> _YOUR GOAL_
Each line from the start of the records through the line containing "1090 Winding Pond" is to be transcribed exactly, and no other line is to be included.

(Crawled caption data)
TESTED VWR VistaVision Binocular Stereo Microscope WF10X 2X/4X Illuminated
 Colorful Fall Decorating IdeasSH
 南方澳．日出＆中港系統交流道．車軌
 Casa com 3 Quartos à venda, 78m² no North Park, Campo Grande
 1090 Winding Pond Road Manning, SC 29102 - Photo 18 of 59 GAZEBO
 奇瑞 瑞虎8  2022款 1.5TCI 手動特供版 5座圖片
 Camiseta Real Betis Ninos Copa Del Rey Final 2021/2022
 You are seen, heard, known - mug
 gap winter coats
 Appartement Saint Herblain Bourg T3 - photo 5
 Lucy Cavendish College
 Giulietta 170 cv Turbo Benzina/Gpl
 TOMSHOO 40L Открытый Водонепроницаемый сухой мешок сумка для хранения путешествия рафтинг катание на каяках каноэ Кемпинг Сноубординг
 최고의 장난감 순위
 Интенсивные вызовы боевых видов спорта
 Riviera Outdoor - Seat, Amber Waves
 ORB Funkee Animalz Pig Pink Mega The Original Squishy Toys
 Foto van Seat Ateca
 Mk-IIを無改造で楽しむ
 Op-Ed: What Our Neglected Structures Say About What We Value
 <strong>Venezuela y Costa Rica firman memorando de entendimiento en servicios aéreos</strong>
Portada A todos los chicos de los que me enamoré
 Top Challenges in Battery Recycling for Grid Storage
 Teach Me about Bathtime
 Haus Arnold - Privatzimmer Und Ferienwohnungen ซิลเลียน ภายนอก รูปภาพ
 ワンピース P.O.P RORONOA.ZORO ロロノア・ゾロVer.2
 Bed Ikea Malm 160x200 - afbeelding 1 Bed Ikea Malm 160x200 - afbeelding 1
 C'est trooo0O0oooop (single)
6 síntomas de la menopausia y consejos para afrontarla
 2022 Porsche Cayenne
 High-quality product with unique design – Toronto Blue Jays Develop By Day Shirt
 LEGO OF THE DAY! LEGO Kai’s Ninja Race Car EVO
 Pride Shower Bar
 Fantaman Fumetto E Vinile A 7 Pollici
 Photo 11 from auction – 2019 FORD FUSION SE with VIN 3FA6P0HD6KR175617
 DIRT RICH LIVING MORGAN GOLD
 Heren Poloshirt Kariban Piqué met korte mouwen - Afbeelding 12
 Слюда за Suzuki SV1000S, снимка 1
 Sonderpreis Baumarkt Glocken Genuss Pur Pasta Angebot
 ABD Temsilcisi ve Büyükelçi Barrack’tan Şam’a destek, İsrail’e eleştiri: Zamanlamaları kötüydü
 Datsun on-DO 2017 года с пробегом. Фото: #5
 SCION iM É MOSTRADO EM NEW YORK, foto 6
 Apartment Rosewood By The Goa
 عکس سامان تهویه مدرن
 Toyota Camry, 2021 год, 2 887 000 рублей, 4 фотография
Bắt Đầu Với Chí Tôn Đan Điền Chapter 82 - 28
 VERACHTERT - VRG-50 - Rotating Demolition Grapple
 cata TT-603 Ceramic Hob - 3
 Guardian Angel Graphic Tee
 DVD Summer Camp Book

> _RESULT OF THIS TASK_
TESTED VWR VistaVision Binocular Stereo Microscope WF10X 2X/4X Illuminated
 Colorful Fall Decorating IdeasSH
 南方澳．日出＆中港系統交流道．車軌
 Casa com 3 Quartos à venda, 78m² no North Park, Campo Grande
 1090 Winding Pond Road Manning, SC 29102 - Photo 18 of 59 GAZEBO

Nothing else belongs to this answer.